▶ Your objective
Please set down every entry again exactly as it stands, without the pictures.

▶ Web page caption snippets
--- START ---

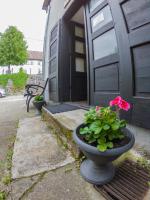 Pego - Bed and Breakfast Slunj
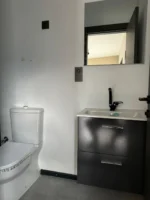 Conteneur Studio de jardin 4 saisons 18 m² – Image 2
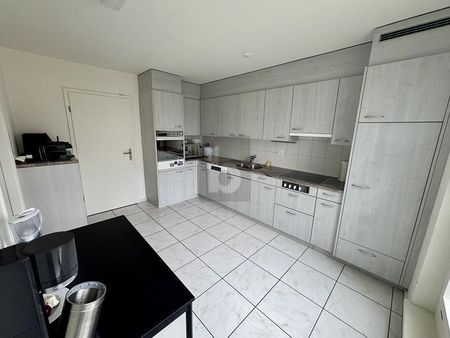 DURCHDACHT MIT STIL UND KOMFORT - Foto 2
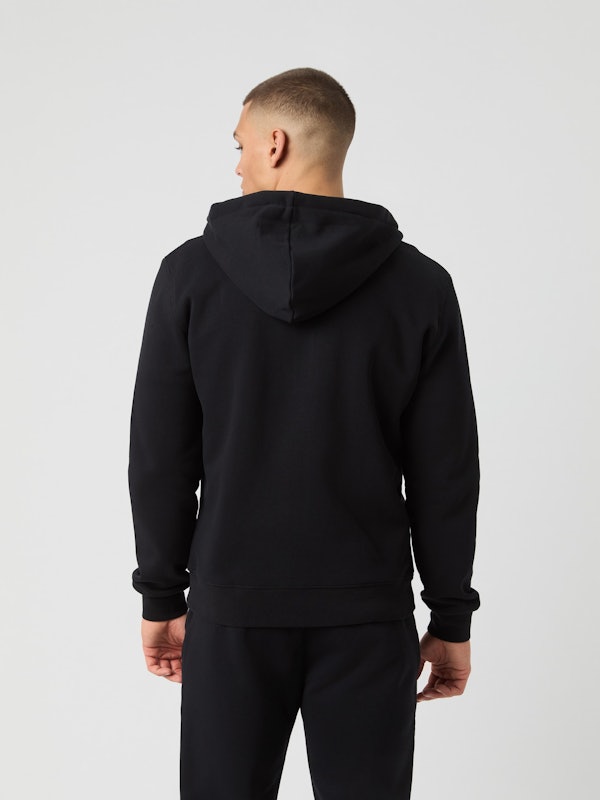 björn borg Centre Zip Hoodie
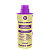 Lola Cosmetics From Rio Purple Shampoo Iluminador 250mL - Imagem 1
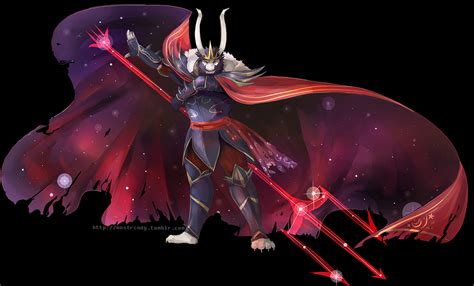 Outerfell Asgore This Is An Amazing Piece Of Work Undertale Asgore
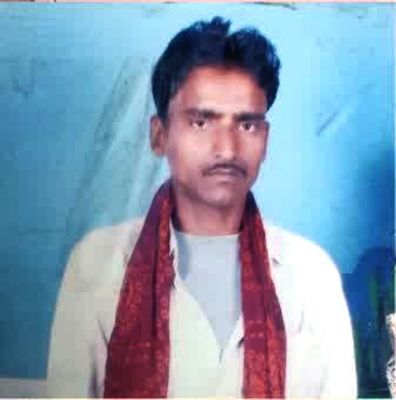 महिला को चोट लगने पर बाइक सवार की बेदम पिटाई, मौत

--- END ---

▶ Task response
 Pego - Bed and Breakfast Slunj
 Conteneur Studio de jardin 4 saisons 18 m² – Image 2
 DURCHDACHT MIT STIL UND KOMFORT - Foto 2
 björn borg Centre Zip Hoodie
 Lola Cosmetics From Rio Purple Shampoo Iluminador 250mL - Imagem 1
 Outerfell Asgore This Is An Amazing Piece Of Work Undertale Asgore
 महिला को चोट लगने पर बाइक सवार की बेदम पिटाई, मौत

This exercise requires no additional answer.